Records from a dataset:
BEGIN

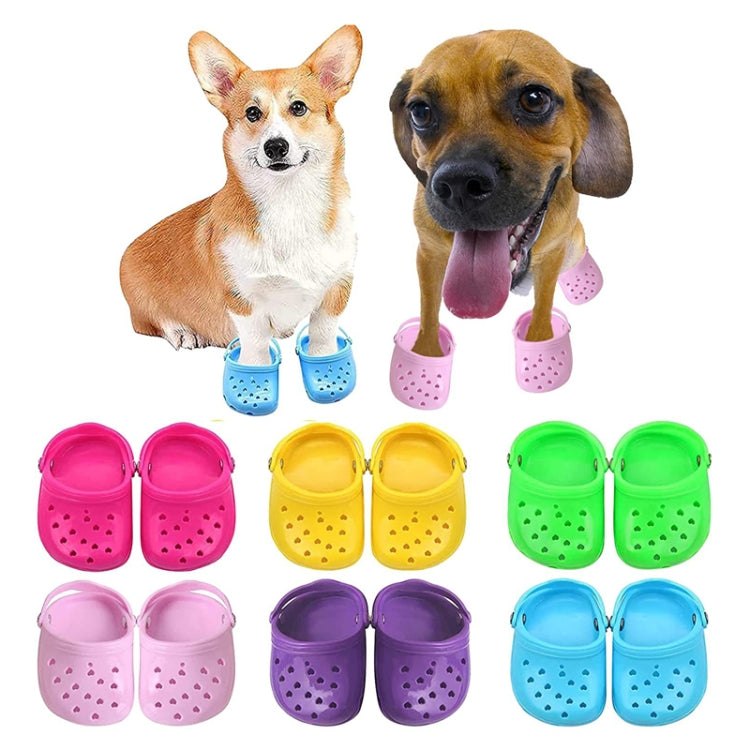 PETS119 2pcs Pet Cave Shoes in vibrant yellow, designed for dogs, featuring breathable rubber material and a comfortable fit.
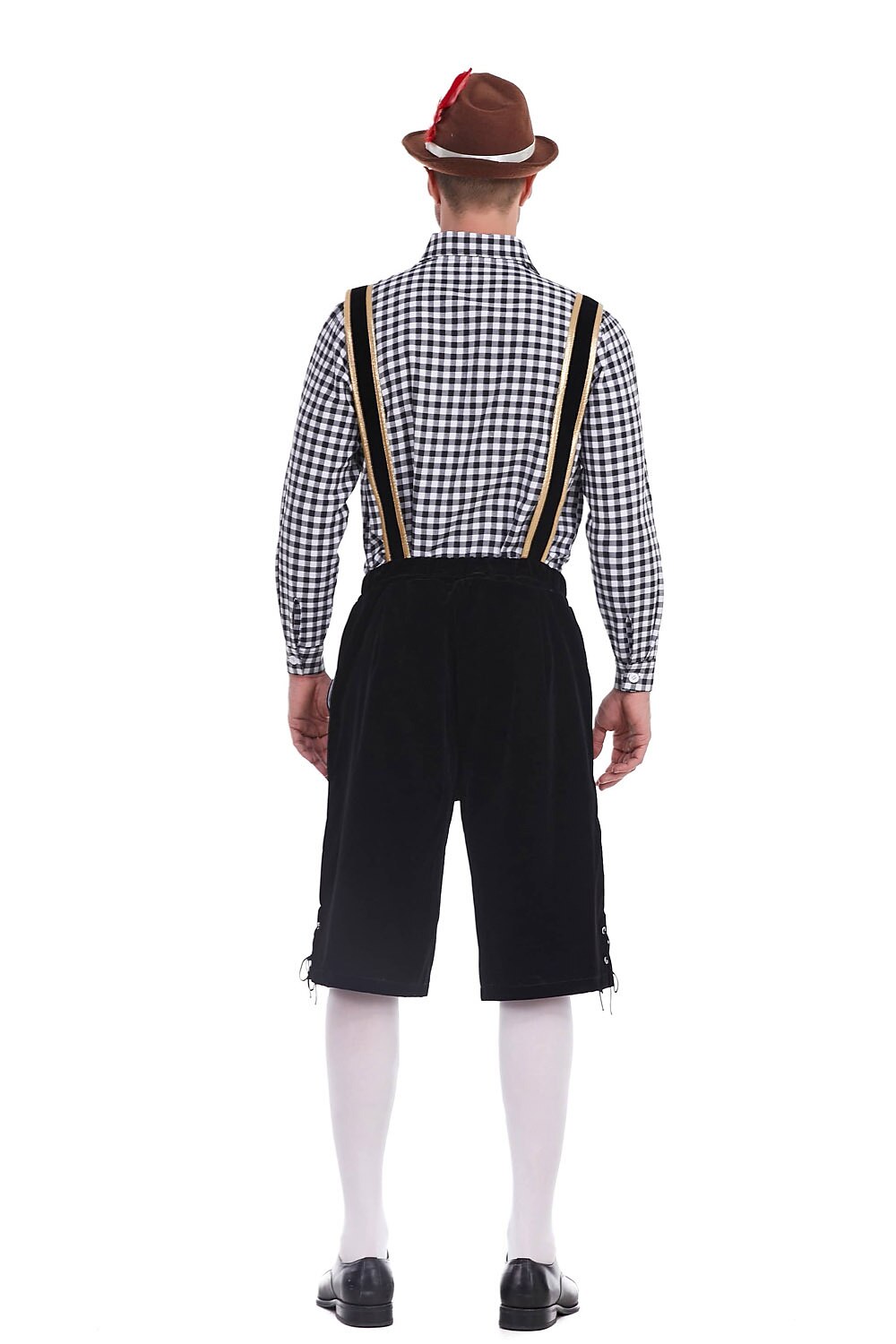 AlpenKönig kostumesæt til mænd — broderede lederhosen, ternet skjorte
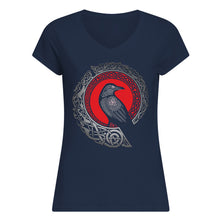 Load image into Gallery viewer, Raven Viking Culture Celtic Design Gray And Red Ladies V-Neck
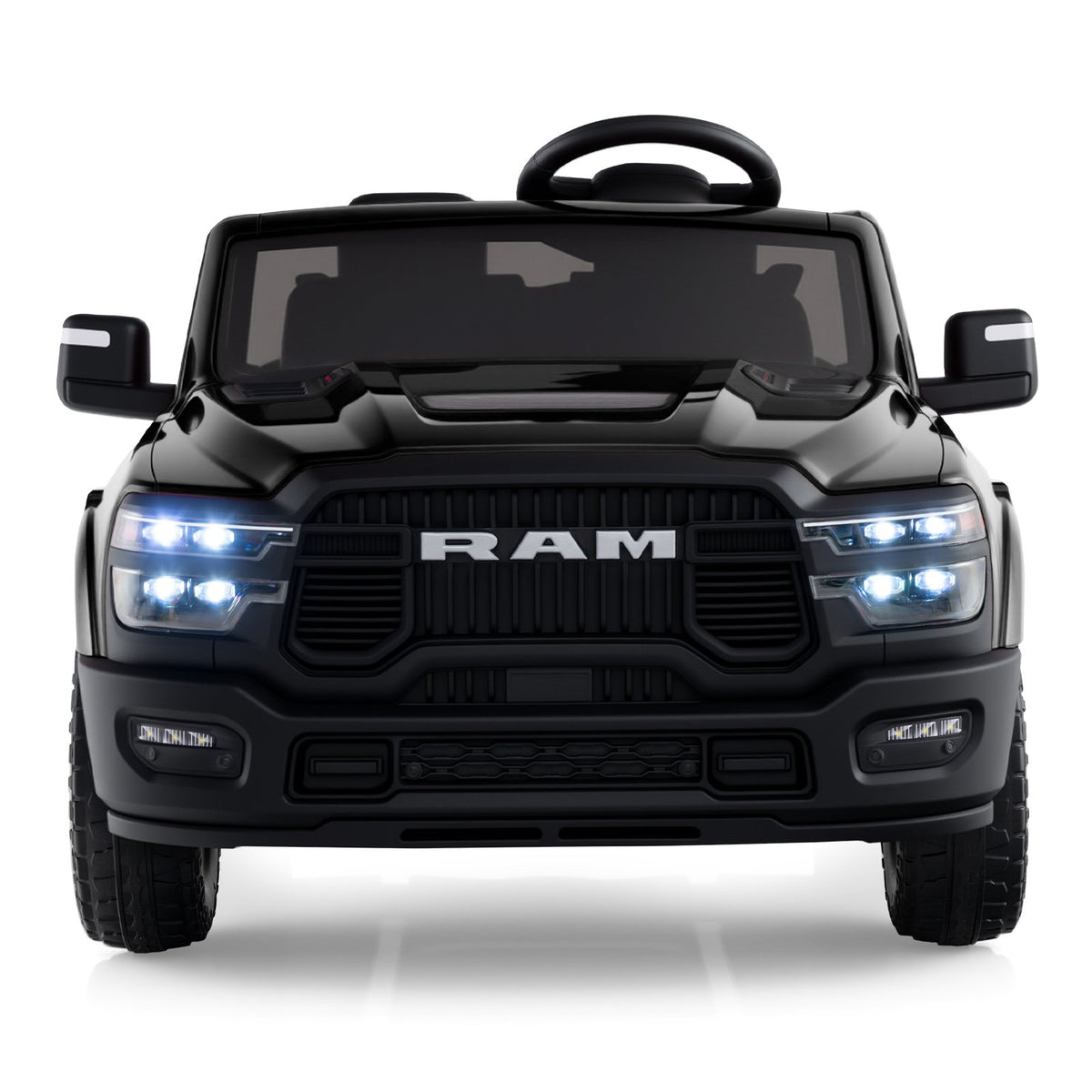 2 Seater 24V Ride on Toy for Big Kids Licensed Ram Truck with Remote and Music-Black view 5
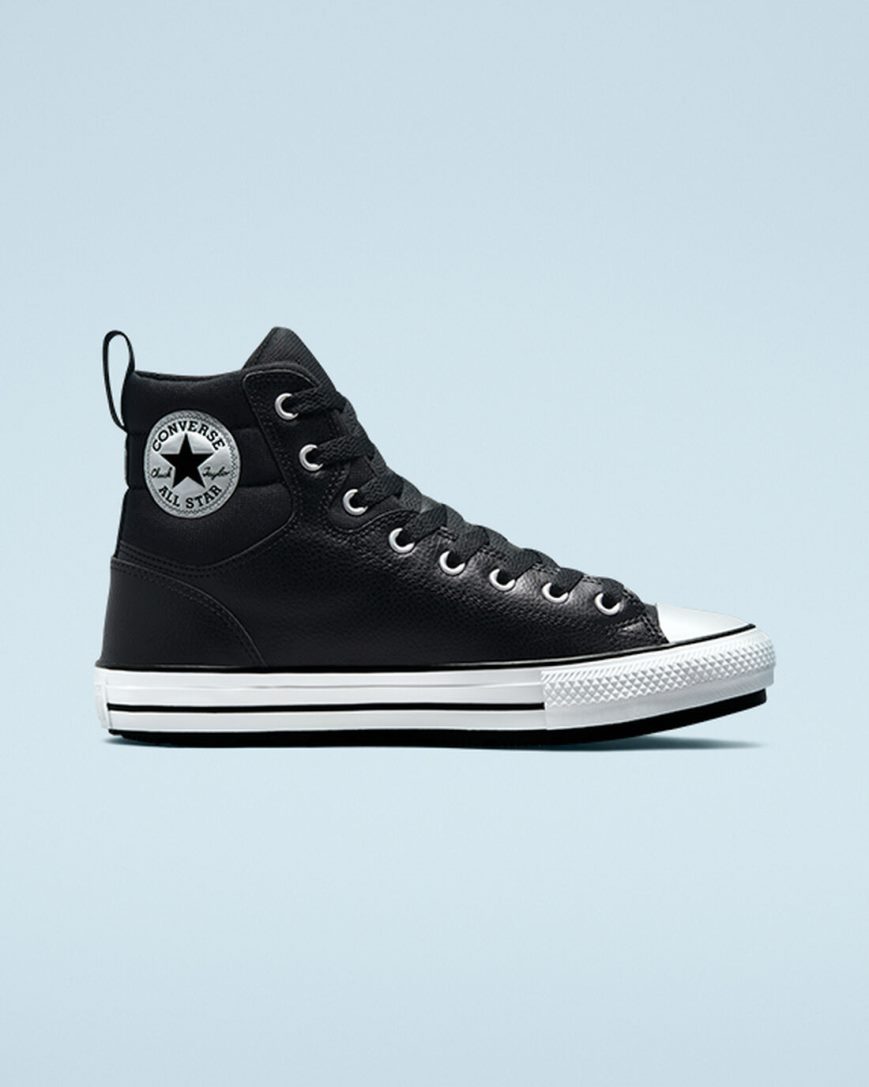 Zimne Cizmy Converse Chuck Taylor All Star Berkshire Vysoke Damske Čierne Biele Čierne | SK HWK11Z6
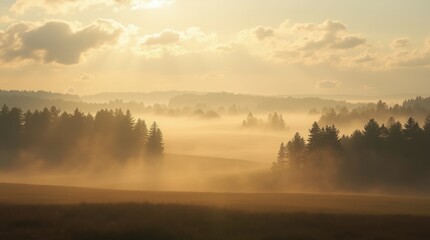 Misty Morning in a Serene Landscape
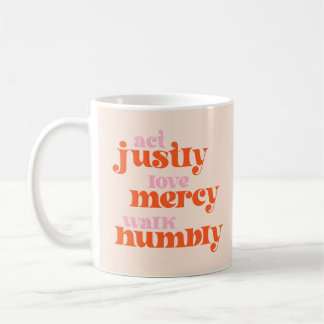 Justly, Liebe Gnade, Walk Humbly (Retro-Mod) Kaffeetasse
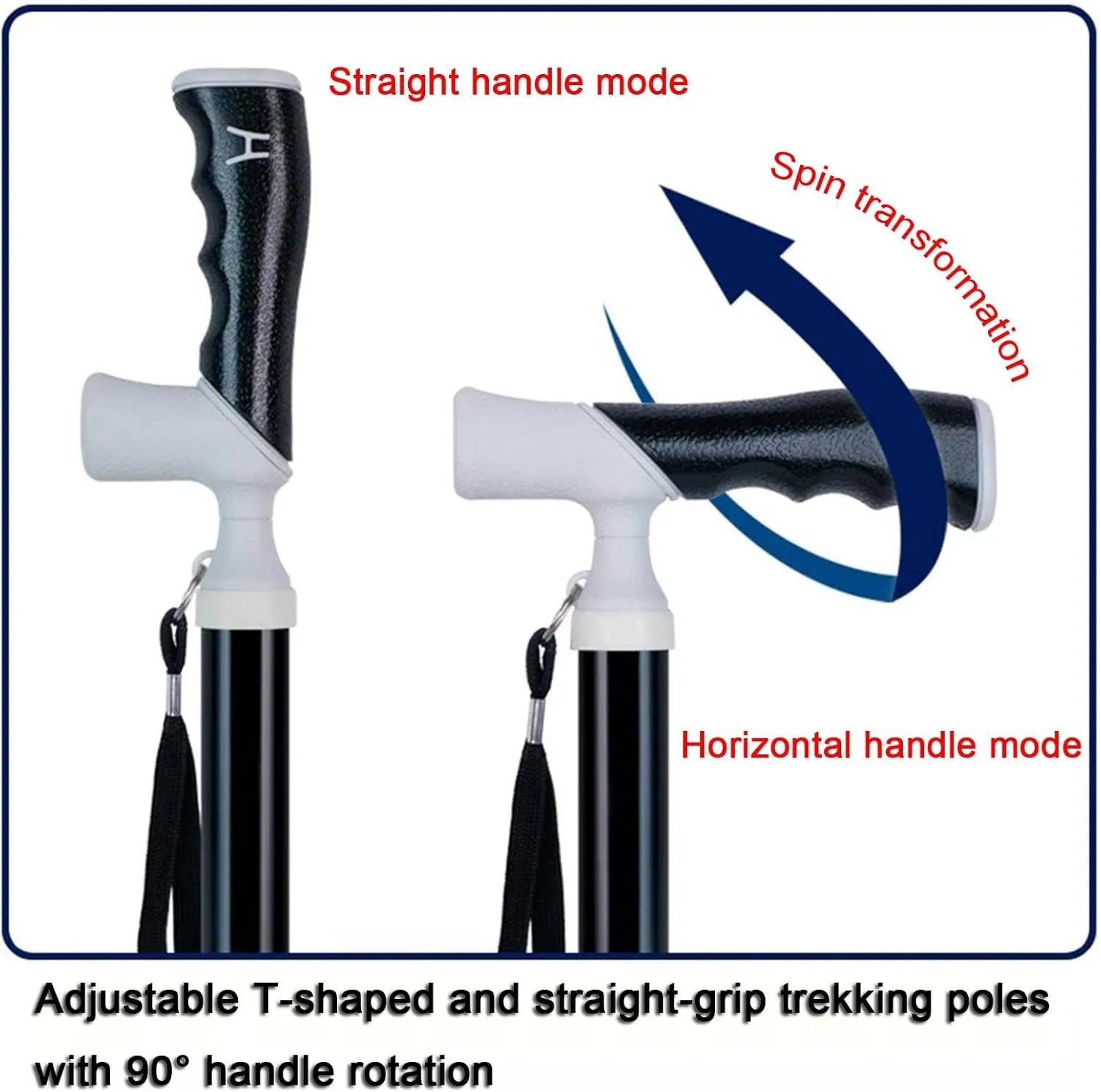 Ultralight Trekking poles-90° Swivel Handle, Hiking Sticks for Backpacking, Titanium Alloy Walking or Hiking Sticks with Quick Adjustable Locks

END

- WHAT THIS TASK INVOLVES: Repeat each entry above exactly. Omit the pictures.

- OUTPUT BELOW:
 PETS119 2pcs Pet Cave Shoes in vibrant yellow, designed for dogs, featuring breathable rubber material and a comfortable fit.
 AlpenKönig kostumesæt til mænd — broderede lederhosen, ternet skjorte
 Load image into Gallery viewer, Raven Viking Culture Celtic Design Gray And Red Ladies V-Neck
 2 Seater 24V Ride on Toy for Big Kids Licensed Ram Truck with Remote and Music-Black view 5
 Zimne Cizmy Converse Chuck Taylor All Star Berkshire Vysoke Damske Čierne Biele Čierne | SK HWK11Z6
 Misty Morning in a Serene Landscape
 Justly, Liebe Gnade, Walk Humbly (Retro-Mod) Kaffeetasse
 Ultralight Trekking poles-90° Swivel Handle, Hiking Sticks for Backpacking, Titanium Alloy Walking or Hiking Sticks with Quick Adjustable Locks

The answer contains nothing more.